I did Xmas dinner this year. For those of you not of a British or similar origin, this involves essentially a day or so of planning and preparing a meal, followed by a day of watching that plan go slowly but surely wrong as you realise you have misjudged your timings and dinner will be an hour later than you thought. There are traditions which must be adhered to (really, mulled wine to be drunk when?), standards set by the previous year, turkey must be roasted, as must potatoes and parsnips, and everything must come out together. Hot, and not overdone.

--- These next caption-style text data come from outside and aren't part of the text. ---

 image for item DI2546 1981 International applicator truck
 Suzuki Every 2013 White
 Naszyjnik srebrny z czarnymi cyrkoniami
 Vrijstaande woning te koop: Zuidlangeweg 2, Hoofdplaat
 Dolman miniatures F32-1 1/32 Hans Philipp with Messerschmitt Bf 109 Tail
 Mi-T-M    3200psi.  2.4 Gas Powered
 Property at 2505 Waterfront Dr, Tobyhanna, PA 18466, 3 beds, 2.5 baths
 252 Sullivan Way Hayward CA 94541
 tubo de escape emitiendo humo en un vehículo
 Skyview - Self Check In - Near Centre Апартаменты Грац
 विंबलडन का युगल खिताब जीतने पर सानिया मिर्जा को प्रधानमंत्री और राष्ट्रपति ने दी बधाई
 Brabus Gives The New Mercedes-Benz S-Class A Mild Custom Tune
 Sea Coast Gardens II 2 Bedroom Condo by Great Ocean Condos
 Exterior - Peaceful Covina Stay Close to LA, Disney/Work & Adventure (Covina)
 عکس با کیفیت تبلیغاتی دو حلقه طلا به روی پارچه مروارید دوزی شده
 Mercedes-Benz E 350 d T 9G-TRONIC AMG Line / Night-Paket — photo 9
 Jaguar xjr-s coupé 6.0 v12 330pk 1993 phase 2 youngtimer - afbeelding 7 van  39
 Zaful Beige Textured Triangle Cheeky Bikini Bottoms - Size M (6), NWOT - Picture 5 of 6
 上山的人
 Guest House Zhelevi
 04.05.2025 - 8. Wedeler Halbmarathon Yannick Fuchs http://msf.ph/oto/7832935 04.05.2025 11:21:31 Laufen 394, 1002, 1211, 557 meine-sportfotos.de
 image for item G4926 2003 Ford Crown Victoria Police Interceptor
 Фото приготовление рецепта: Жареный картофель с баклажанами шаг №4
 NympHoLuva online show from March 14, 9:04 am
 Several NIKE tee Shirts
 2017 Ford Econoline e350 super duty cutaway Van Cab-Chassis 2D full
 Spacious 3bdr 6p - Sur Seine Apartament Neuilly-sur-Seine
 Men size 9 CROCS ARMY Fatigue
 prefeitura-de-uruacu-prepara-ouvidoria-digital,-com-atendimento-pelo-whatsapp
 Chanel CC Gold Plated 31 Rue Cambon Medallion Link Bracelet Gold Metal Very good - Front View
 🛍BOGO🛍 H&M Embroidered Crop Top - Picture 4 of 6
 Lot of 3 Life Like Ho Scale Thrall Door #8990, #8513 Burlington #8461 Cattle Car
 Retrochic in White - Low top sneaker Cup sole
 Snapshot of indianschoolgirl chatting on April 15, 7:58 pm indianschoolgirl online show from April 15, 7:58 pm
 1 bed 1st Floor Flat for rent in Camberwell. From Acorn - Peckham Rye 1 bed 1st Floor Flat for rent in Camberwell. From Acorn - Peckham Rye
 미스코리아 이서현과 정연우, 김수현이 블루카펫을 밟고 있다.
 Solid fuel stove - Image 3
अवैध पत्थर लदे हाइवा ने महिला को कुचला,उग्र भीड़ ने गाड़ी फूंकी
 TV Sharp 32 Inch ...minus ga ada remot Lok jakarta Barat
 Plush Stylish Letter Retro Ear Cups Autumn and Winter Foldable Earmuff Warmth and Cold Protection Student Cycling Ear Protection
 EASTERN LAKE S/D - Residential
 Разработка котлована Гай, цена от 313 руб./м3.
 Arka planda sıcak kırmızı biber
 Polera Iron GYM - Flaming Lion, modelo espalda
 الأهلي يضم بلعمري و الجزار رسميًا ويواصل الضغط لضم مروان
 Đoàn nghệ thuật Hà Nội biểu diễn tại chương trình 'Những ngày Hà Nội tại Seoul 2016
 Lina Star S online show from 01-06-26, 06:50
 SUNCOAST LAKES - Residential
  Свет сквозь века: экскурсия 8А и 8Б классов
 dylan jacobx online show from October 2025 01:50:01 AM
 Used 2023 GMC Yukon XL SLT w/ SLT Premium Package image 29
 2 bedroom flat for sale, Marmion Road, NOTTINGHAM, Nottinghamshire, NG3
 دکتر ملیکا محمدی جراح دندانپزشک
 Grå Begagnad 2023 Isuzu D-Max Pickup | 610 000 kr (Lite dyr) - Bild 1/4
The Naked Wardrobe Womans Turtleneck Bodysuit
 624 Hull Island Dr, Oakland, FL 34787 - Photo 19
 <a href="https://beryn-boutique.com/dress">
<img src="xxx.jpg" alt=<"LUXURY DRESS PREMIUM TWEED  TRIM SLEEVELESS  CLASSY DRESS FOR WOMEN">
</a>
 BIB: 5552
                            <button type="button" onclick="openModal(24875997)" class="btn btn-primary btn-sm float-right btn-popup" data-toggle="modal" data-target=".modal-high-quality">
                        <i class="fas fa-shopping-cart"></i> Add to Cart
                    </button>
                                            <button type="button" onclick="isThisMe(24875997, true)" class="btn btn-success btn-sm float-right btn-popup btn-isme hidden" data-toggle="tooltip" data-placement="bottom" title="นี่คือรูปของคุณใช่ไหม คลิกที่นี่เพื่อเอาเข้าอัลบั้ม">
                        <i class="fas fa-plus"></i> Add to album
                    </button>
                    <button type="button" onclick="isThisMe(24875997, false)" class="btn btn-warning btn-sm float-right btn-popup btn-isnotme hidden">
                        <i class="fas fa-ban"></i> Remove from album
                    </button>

And yes, as ever with these things, I was in the midst of it all up to my elbows in roasting, basting and all sorts of other things,and my thoughts turned to the classroom. Managing a major roast dinner for ten people (yep, that’s right, ten people for a virgin Christmas dinner chef, so not bad) is very like handling a classroom. I had a plan which goes but eventually drifts slightly clear of where you had pointed it. I had a range of interruptions and questions, challenges to the planned flow of cooking: dogs underfoot, several small children desperate to play with the carving knife, demands for mulled wine when there are no bloody hobs left for at least another ten minutes, that sort of thing, comparable to the “catch you out” left field question from the learner who hasn’t really been listening, the IWB not working, realising you have one too few handouts, that sort of thing. Then the major disturbances: the arrival of guests just at the point you need to drain the potatoes and parsnips and transfer them to the hot oily oven trays just like that bit in a lesson when you are in mid explanation, with every learner brain working through your questioning, and your manager simply has to knock on the door and ask a question which could quite happily have waited the thirty minutes left to break time. The relief at the end as it all slots into place and everyone gets something good from it.
The brain processes involved were definitely of the lesson management type, although blurred slightly by the two thirds of a bottle of wine I was carefully exploring as the day progressed, and so just as much fun. However, like a lesson, just the one is plenty and I’ll hang on for a couple of years before doing it again…
Merry Christmas, and a happy, healthy new year, in case I don’t blog before then!